На шее, в волосах, под воротом — они. Маленькие, зловещие, с блестящими чёрными крылышками. Всего два сантиметра длиной, легко раздавить рукой или между пальцами, но… От одной лишь мысли спина лакея покрывалась пóтом.
Яд. Мерзкая гнусь — сила Запретного Плода африда, которого другие называли Загрейн, — была смертельно ядовита. Стоит только Лормазу побежать куда-то не туда или сказать что-то не то, как мухи совершат укус, останавливая сердце невезучего слуги за секунды.
Загрейн обещал это с лёгкой улыбкой на губах. Без криков, пафоса или угроз. Рассказал почти спокойно, словно рецепт крабового салата, а потом хлопнул его по плечу, наказав поспешить.
Насекомые ползали под его рубахой, вызывая ужас, от которого Лормаз едва не подпрыгивал. Лицо его было бледнее мела, почти переходя в зелёное. Дышал он через раз, а сердце билось словно под уколом адреналина.
У калитки штаб-квартиры городской стражи стояли двое солдат в тяжёлых, местами ржавых кольчугах. Один зевал. Второй чесал пузо.
— Я от господина Ройма, — на грани обморока произнёс лакей, привычно шмыгнув носом.

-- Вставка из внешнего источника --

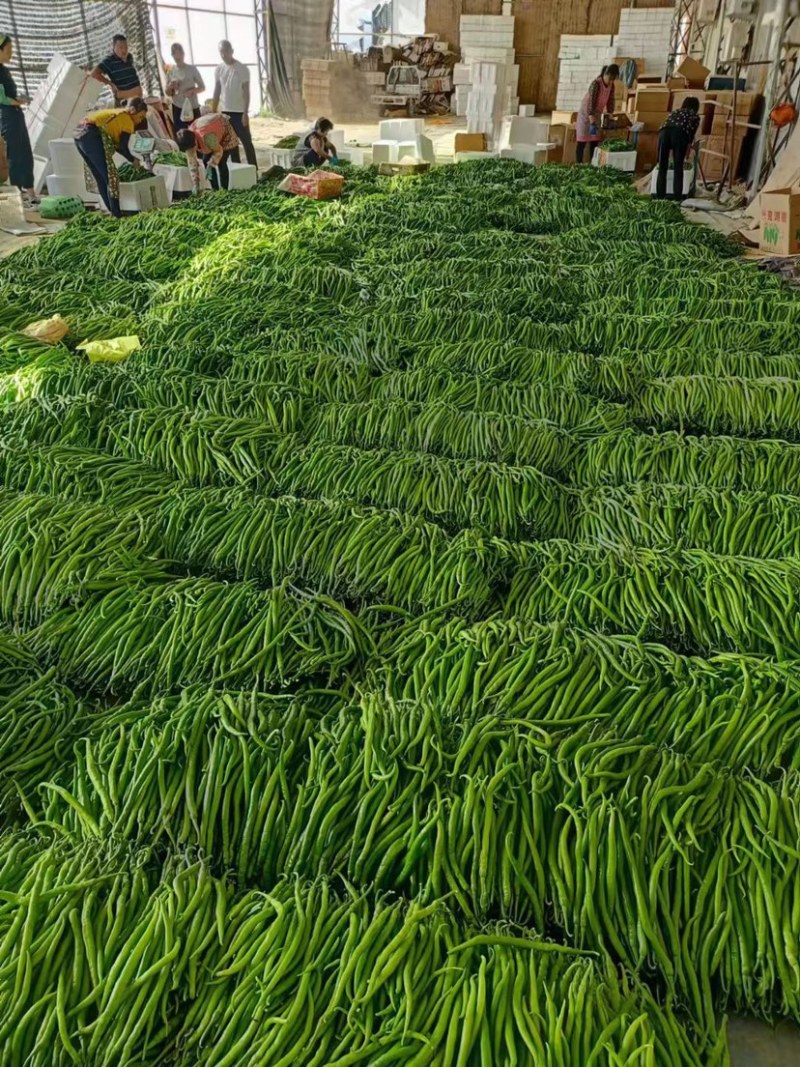 精品辣椒线椒原产地发货大量供应一手货源协助找车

— Мэр же заболел, — хмыкнул один. Слухи уже разлетелись по городу. В дом Роймов даже приходил лекарь. Обратно он ушёл с одним из «новой охраны» — щербатым мужчиной по имени Эрбо Олти, который постоянно хмурился. Лормаз считал, что лекарь уже мёртв, хоть и не был в этом уверен.
Тем не менее целитель успел сообщить, что Галвард Ройм на самом деле слёг с заразой. Не опасно, но неприятно, «и требует постельный режим!»
— Поэтому и пишет, — хрипло ответил лакей, не в силах выдавить улыбку, но продемонстрировав мятое письмо.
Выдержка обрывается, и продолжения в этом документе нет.